Seattle had a great chance for a “Most Miserable Sports City” four-peat, but couldn’t counter Atlanta’s loss of its hockey team to Winnipeg. Vote here on why Seattle sports are so wretched.

Atlanta aced out Seattle as the "Most Miserable Sports City" for 2011, snapping Seattle's three-year reign at the nadir of professional sports. / Wiki Commons
Seattle’s most famous sports streak is over — kaput. After reigning at the nadir of professional sports for three consecutive years (2008-10), Atlanta out-feebled Seattle as America’s Most Miserable Sports City, for 2011, as defined by Forbes magazine, dropping the Emerald City to an unfulfilling No. 2.
Darn, if not drat.
You can blame Seattles tumble to No. 2 primarily on the fact that the National Hockey League Thrashers bolted Atlanta for Winnipeg, where the No. 1 sport had been ice fishing. Seattle simply had nothing in its 2011 boobery arsenal with which to counter such a wanton jilt.
In addition to the Thrashers quitting on Atlanta, the Braves botched a near-lock playoff spot on the final day of the regular season, and the NBA Hawks and NFL Falcons got bounced out of their respective postseasons early.

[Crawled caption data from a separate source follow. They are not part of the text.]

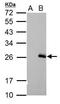 Regulator Of G Protein Signaling 17 antibody, TA308384, Origene, Western Blot image 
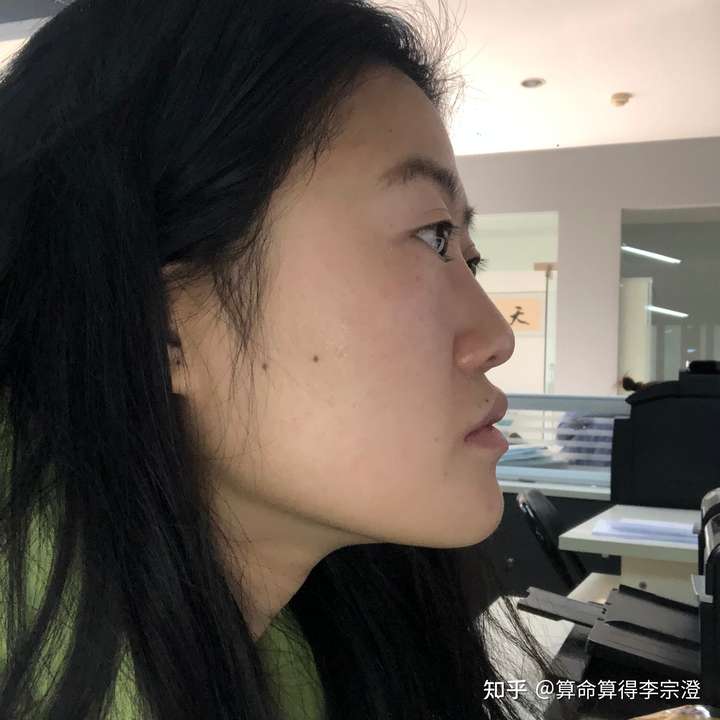 侧面巨丑正面好看是一种什么感受?
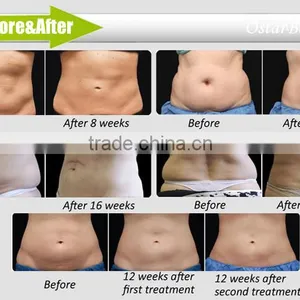 Frozen Machine of Weight-loss and Cosmetology Output Temperature -10C CM 01 thumbnail-2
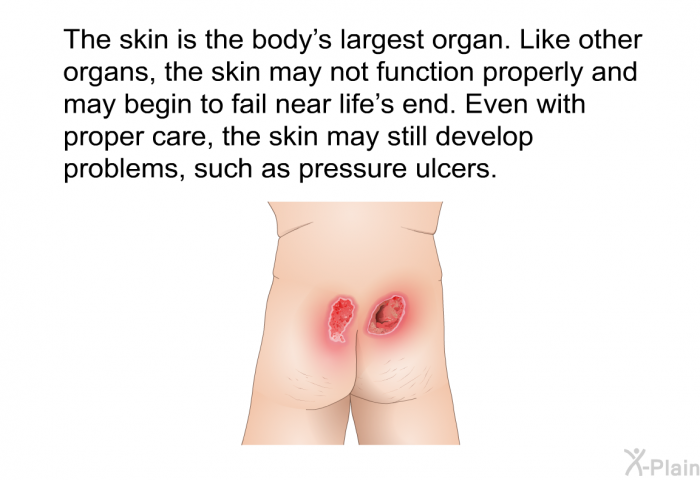 The skin is the body's largest organ. Like other organs, the skin may not function properly and may begin to fail near life's end. Even with proper care, the skin may still develop problems, such as pressure ulcers.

The Mariners didnt even reach the postseason in 2011 (and not since 2001), but Forbes awards misery points to cities whose teams tantalize, then disappoint. The 2011 Mariners never even titillated, much less tantalized.
As for the Seahawks, despite a nice second half to their season, they were never a serious threat to accomplish anything in the postseason even if theyd made it. So Seattle lost serious misery points right there.
If Forbes focused its sports misery methodology on long-term ineptitude, Seattle would have been named Americas Most Miserable Sports City for the fourth consecutive year, thus, in our view, retiring the trophy.
A fourth consecutive Most Miserable Sports City win would have been a major development since, before Seattle completed its terrible trifecta in 2010, no other city had ever been designated most miserable more than two times in a row.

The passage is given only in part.